### [What you have to do]
Copy the records that follow exactly as written, but not their pictures.

------------------------------------

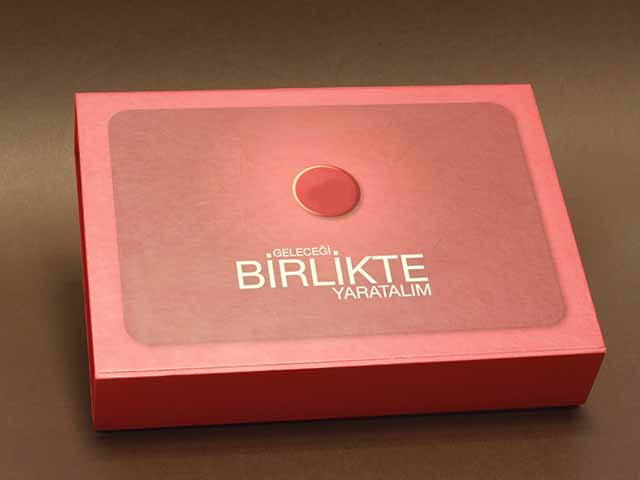 TEKEL 2000 - Kit Kutu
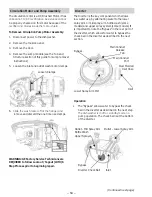 Preview for 54 page of GE GDF510PxJ Series Technical Service Manual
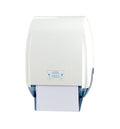 Plastiqline handdoekroldispenser kompatto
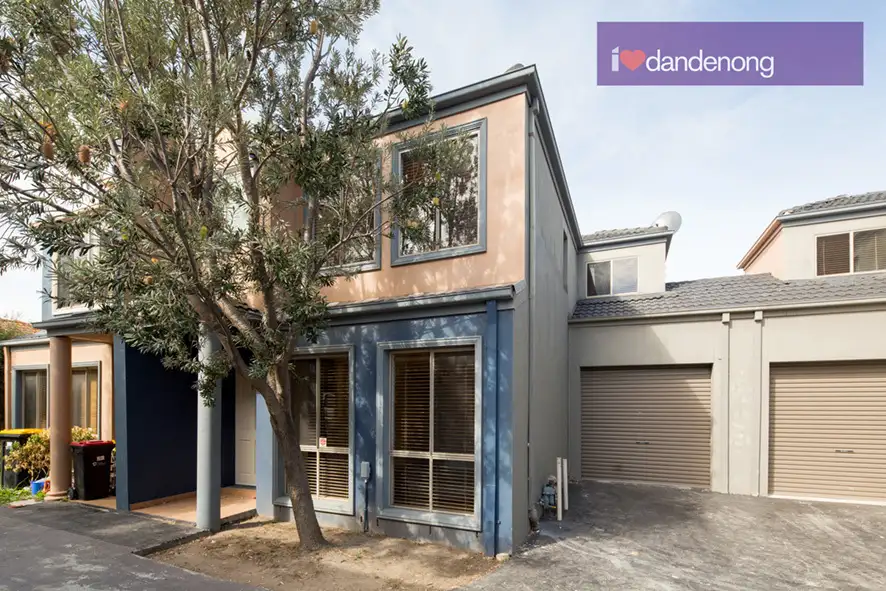 Main view of Homely townhouse listing, 8/32 Stud Road, Dandenong VIC 3175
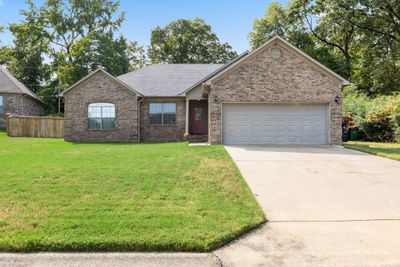 9732 Acorn Cove, House other with 3 bedrooms, 2 bathrooms and null parking in Sherwood AR | Image 1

------------------------------------

### [Task answer]
 TEKEL 2000 - Kit Kutu
 Preview for 54 page of GE GDF510PxJ Series Technical Service Manual
 Plastiqline handdoekroldispenser kompatto
 Main view of Homely townhouse listing, 8/32 Stud Road, Dandenong VIC 3175
 9732 Acorn Cove, House other with 3 bedrooms, 2 bathrooms and null parking in Sherwood AR | Image 1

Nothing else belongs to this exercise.